Data for review
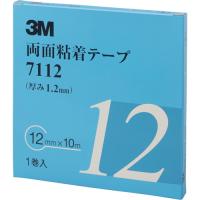 3M 両面粘着テープ 7112 12mmX10m 厚さ1.2mm 灰色 1巻入り 代引不可 | リコメン堂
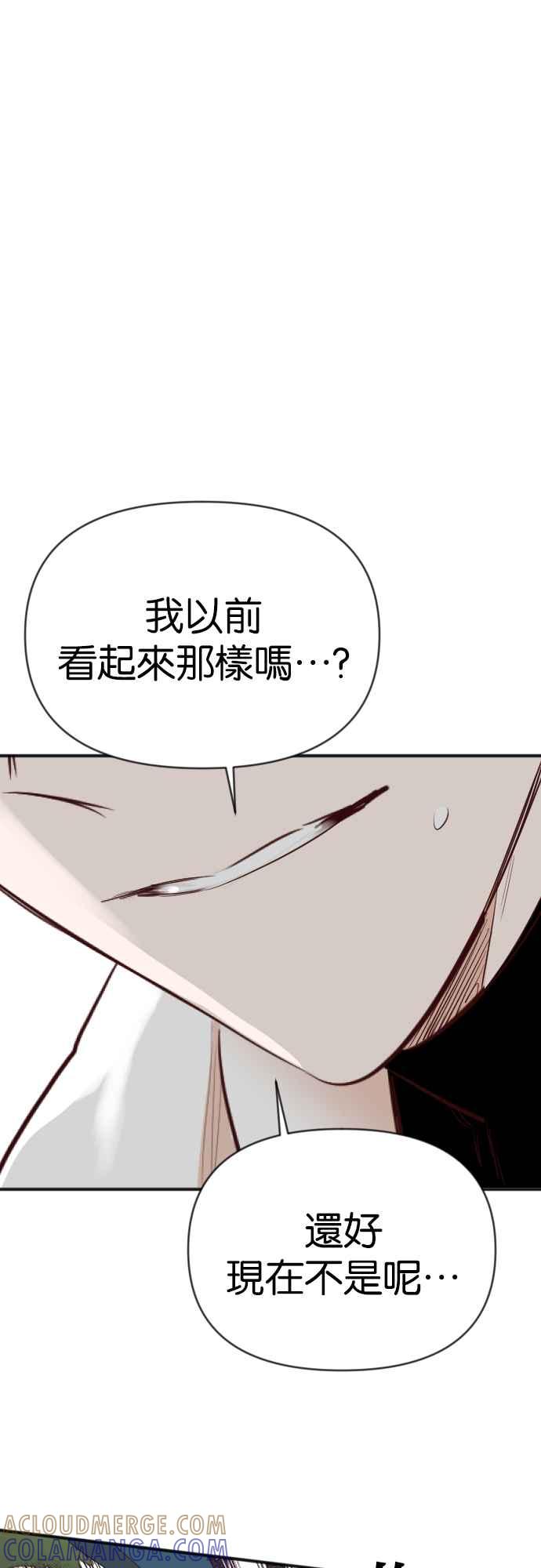 《恶魔猎人》[第101话] 将军（3） 第52页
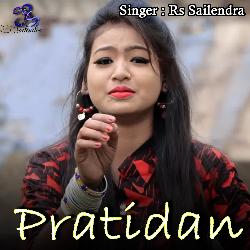 Pratidan-Q1s5UjpqD1o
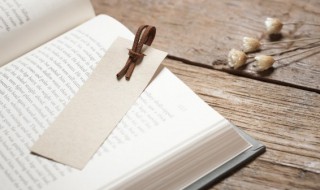 竣怎么组词 竣怎么组词组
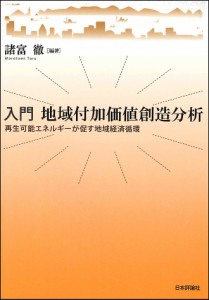 入門地域付加価値創造分析　再生可能エネルギーが促す地域経済循環 諸富徹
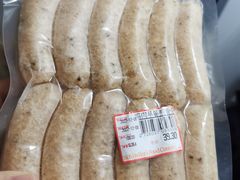 -申德勒食品(宾都苑店)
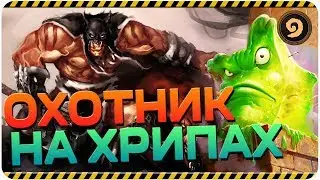 Охотник на хрипах │ Гайд │Hearthstone 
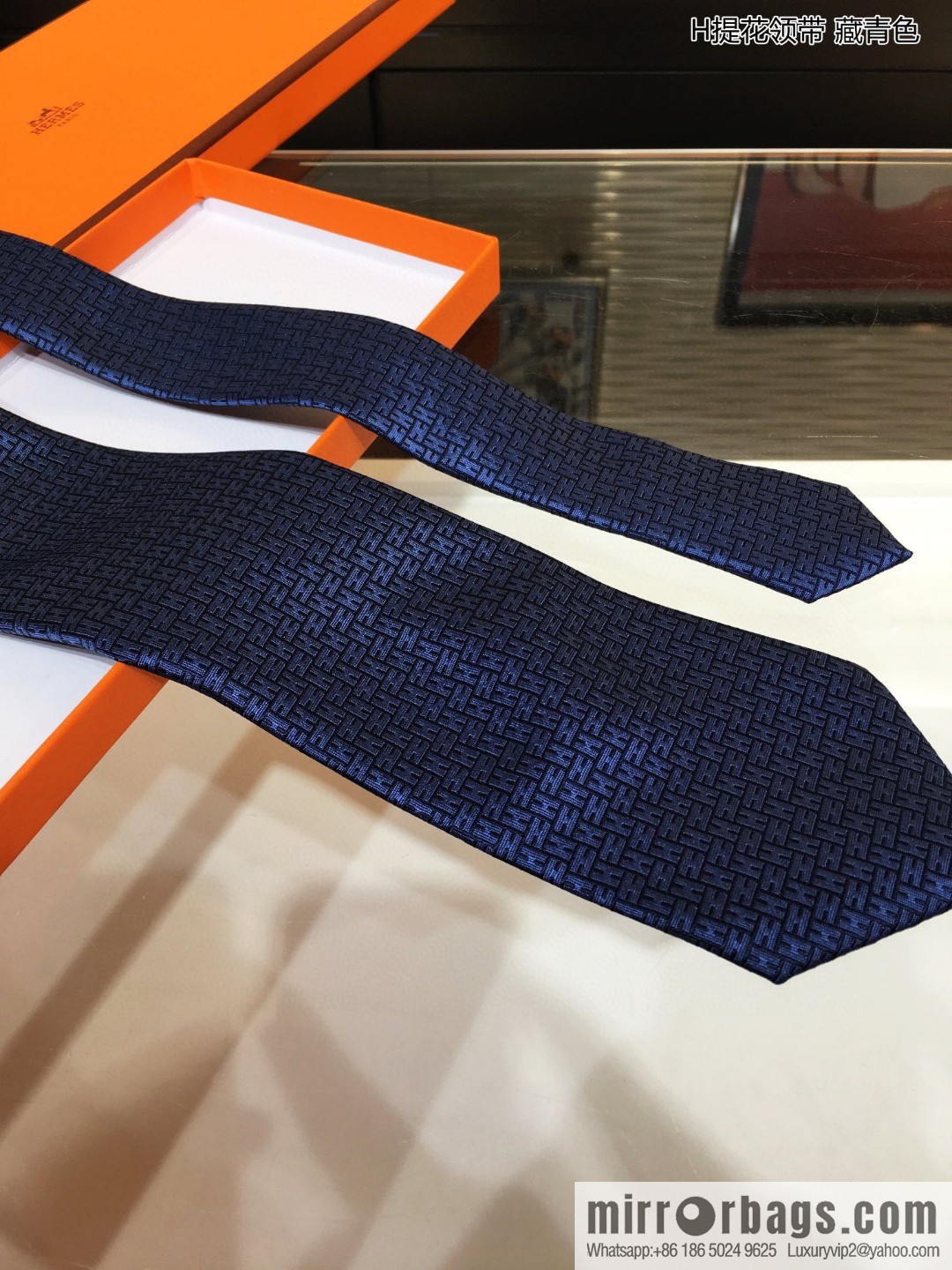 Hermes 100% Top Twill Silk H Jacquard Tie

Work task
Please reproduce each line of the listing above exactly, skipping pictures.

Response box
 3M 両面粘着テープ 7112 12mmX10m 厚さ1.2mm 灰色 1巻入り 代引不可 | リコメン堂
 《恶魔猎人》[第101话] 将军（3） 第52页
 Pratidan-Q1s5UjpqD1o
 竣怎么组词 竣怎么组词组
 入門地域付加価値創造分析　再生可能エネルギーが促す地域経済循環 諸富徹
 -申德勒食品(宾都苑店)
 Охотник на хрипах │ Гайд │Hearthstone 
 Hermes 100% Top Twill Silk H Jacquard Tie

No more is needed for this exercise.